In full and word for word, copy the records that follow.

Records from a data source:
-- Opening Marker --
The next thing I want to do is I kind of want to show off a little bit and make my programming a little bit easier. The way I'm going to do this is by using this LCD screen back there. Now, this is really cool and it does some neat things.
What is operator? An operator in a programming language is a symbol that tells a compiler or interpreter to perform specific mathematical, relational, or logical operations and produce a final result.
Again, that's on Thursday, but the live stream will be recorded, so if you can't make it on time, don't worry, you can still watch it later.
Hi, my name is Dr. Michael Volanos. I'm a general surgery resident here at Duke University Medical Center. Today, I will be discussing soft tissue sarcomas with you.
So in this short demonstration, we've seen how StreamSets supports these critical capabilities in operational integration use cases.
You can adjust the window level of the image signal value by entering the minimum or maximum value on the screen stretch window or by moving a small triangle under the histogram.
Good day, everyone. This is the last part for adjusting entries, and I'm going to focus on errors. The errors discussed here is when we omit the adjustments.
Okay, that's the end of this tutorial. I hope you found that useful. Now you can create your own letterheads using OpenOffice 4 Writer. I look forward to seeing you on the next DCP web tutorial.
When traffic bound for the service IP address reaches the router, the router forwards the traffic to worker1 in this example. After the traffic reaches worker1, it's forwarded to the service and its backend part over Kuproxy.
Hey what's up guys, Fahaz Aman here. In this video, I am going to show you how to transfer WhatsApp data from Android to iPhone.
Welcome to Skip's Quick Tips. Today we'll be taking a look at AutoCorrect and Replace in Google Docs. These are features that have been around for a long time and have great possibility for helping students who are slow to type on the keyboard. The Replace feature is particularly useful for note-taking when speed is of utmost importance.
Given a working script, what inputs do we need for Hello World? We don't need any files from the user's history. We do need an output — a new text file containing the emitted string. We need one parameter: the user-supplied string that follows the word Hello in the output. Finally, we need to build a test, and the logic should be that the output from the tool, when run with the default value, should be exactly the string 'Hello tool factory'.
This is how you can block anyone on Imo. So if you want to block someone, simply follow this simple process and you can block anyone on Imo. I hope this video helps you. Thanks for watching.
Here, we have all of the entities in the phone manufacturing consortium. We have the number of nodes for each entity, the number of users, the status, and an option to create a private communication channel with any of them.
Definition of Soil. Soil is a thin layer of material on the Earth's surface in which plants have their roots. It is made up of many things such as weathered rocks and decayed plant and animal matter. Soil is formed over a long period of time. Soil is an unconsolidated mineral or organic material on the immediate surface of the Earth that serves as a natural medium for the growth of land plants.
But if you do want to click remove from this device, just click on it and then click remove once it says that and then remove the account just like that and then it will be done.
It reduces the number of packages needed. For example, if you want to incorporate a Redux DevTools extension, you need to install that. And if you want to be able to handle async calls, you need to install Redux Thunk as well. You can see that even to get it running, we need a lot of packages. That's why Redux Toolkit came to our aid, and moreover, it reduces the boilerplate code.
-- Closing Marker --
**RESULT OF THIS EXERCISE:**
The next thing I want to do is I kind of want to show off a little bit and make my programming a little bit easier. The way I'm going to do this is by using this LCD screen back there. Now, this is really cool and it does some neat things.
What is operator? An operator in a programming language is a symbol that tells a compiler or interpreter to perform specific mathematical, relational, or logical operations and produce a final result.
Again, that's on Thursday, but the live stream will be recorded, so if you can't make it on time, don't worry, you can still watch it later.
Hi, my name is Dr. Michael Volanos. I'm a general surgery resident here at Duke University Medical Center. Today, I will be discussing soft tissue sarcomas with you.
So in this short demonstration, we've seen how StreamSets supports these critical capabilities in operational integration use cases.
You can adjust the window level of the image signal value by entering the minimum or maximum value on the screen stretch window or by moving a small triangle under the histogram.
Good day, everyone. This is the last part for adjusting entries, and I'm going to focus on errors. The errors discussed here is when we omit the adjustments.
Okay, that's the end of this tutorial. I hope you found that useful. Now you can create your own letterheads using OpenOffice 4 Writer. I look forward to seeing you on the next DCP web tutorial.
When traffic bound for the service IP address reaches the router, the router forwards the traffic to worker1 in this example. After the traffic reaches worker1, it's forwarded to the service and its backend part over Kuproxy.
Hey what's up guys, Fahaz Aman here. In this video, I am going to show you how to transfer WhatsApp data from Android to iPhone.
Welcome to Skip's Quick Tips. Today we'll be taking a look at AutoCorrect and Replace in Google Docs. These are features that have been around for a long time and have great possibility for helping students who are slow to type on the keyboard. The Replace feature is particularly useful for note-taking when speed is of utmost importance.
Given a working script, what inputs do we need for Hello World? We don't need any files from the user's history. We do need an output — a new text file containing the emitted string. We need one parameter: the user-supplied string that follows the word Hello in the output. Finally, we need to build a test, and the logic should be that the output from the tool, when run with the default value, should be exactly the string 'Hello tool factory'.
This is how you can block anyone on Imo. So if you want to block someone, simply follow this simple process and you can block anyone on Imo. I hope this video helps you. Thanks for watching.
Here, we have all of the entities in the phone manufacturing consortium. We have the number of nodes for each entity, the number of users, the status, and an option to create a private communication channel with any of them.
Definition of Soil. Soil is a thin layer of material on the Earth's surface in which plants have their roots. It is made up of many things such as weathered rocks and decayed plant and animal matter. Soil is formed over a long period of time. Soil is an unconsolidated mineral or organic material on the immediate surface of the Earth that serves as a natural medium for the growth of land plants.
But if you do want to click remove from this device, just click on it and then click remove once it says that and then remove the account just like that and then it will be done.
It reduces the number of packages needed. For example, if you want to incorporate a Redux DevTools extension, you need to install that. And if you want to be able to handle async calls, you need to install Redux Thunk as well. You can see that even to get it running, we need a lot of packages. That's why Redux Toolkit came to our aid, and moreover, it reduces the boilerplate code.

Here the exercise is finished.